• [What you have to do]
Each line of the data must be written out again verbatim; no image belongs in the copy.

========

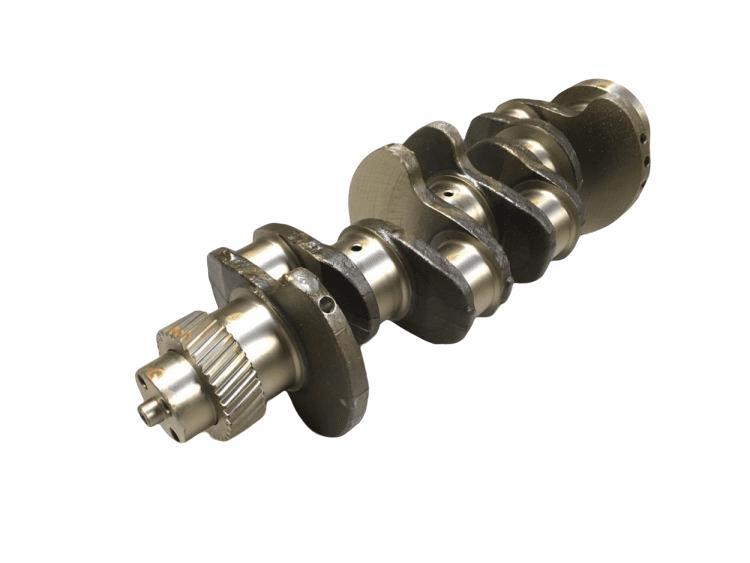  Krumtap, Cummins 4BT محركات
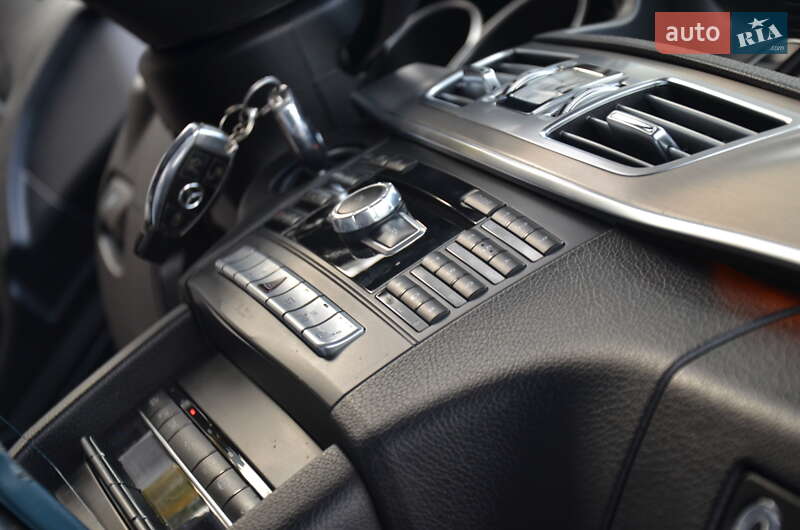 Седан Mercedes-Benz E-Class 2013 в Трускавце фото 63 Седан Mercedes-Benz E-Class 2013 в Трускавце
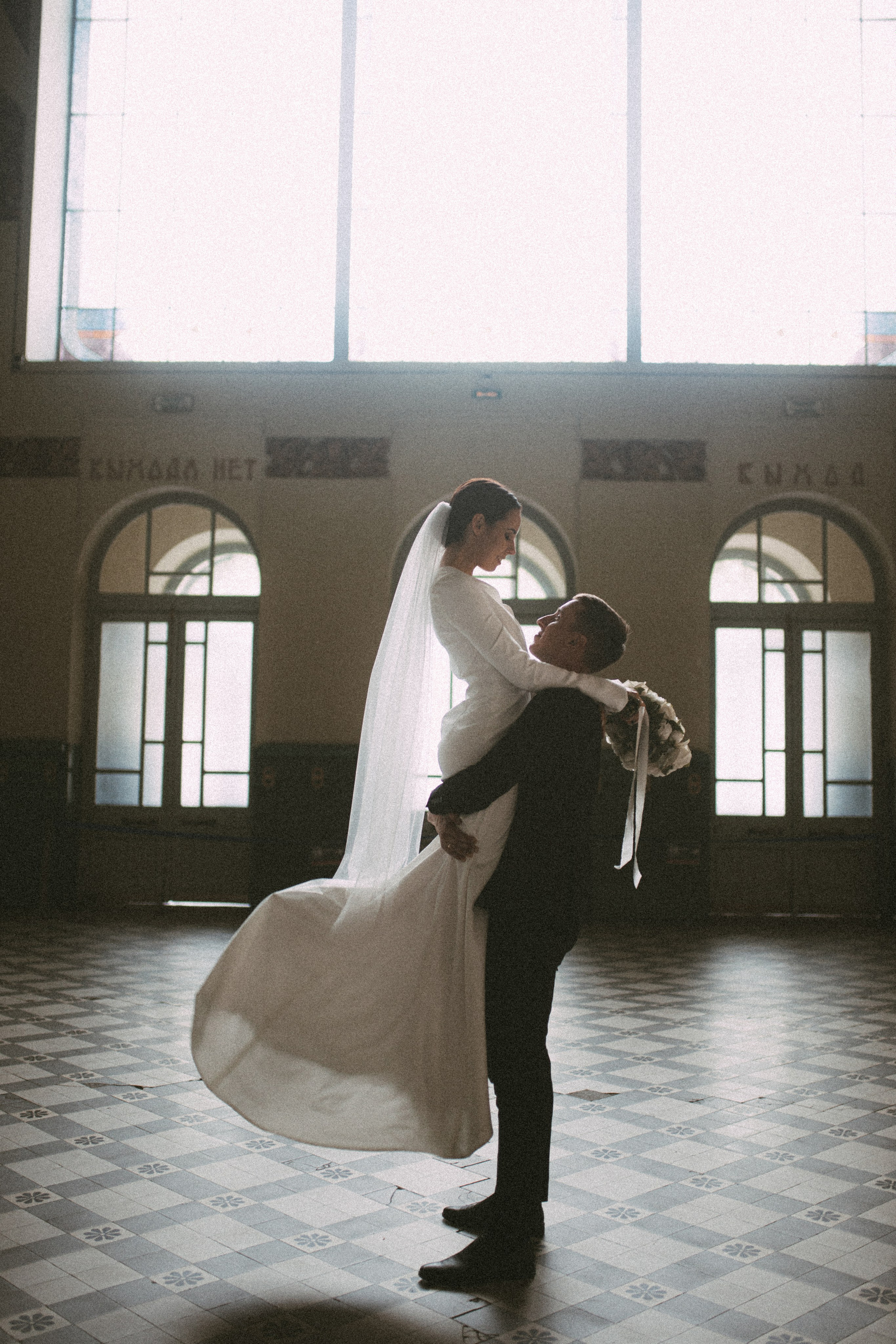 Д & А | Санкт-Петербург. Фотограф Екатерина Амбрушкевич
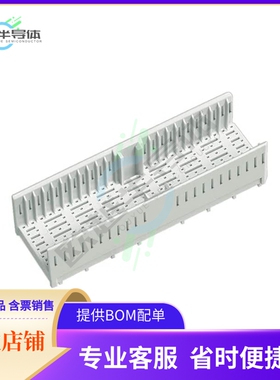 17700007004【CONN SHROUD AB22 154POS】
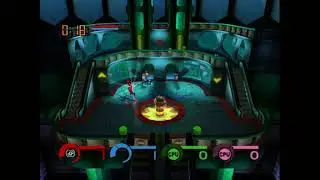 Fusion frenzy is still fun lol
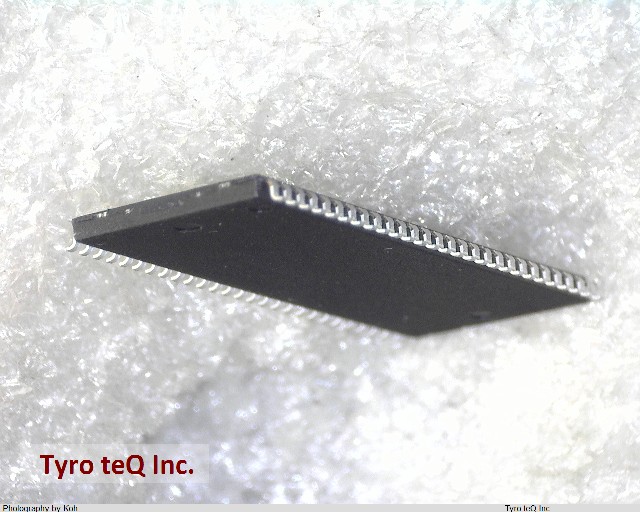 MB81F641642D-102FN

========

• [Task output]
  Krumtap, Cummins 4BT محركات
 Седан Mercedes-Benz E-Class 2013 в Трускавце фото 63 Седан Mercedes-Benz E-Class 2013 в Трускавце
 Д & А | Санкт-Петербург. Фотограф Екатерина Амбрушкевич
 17700007004【CONN SHROUD AB22 154POS】
 Fusion frenzy is still fun lol
 MB81F641642D-102FN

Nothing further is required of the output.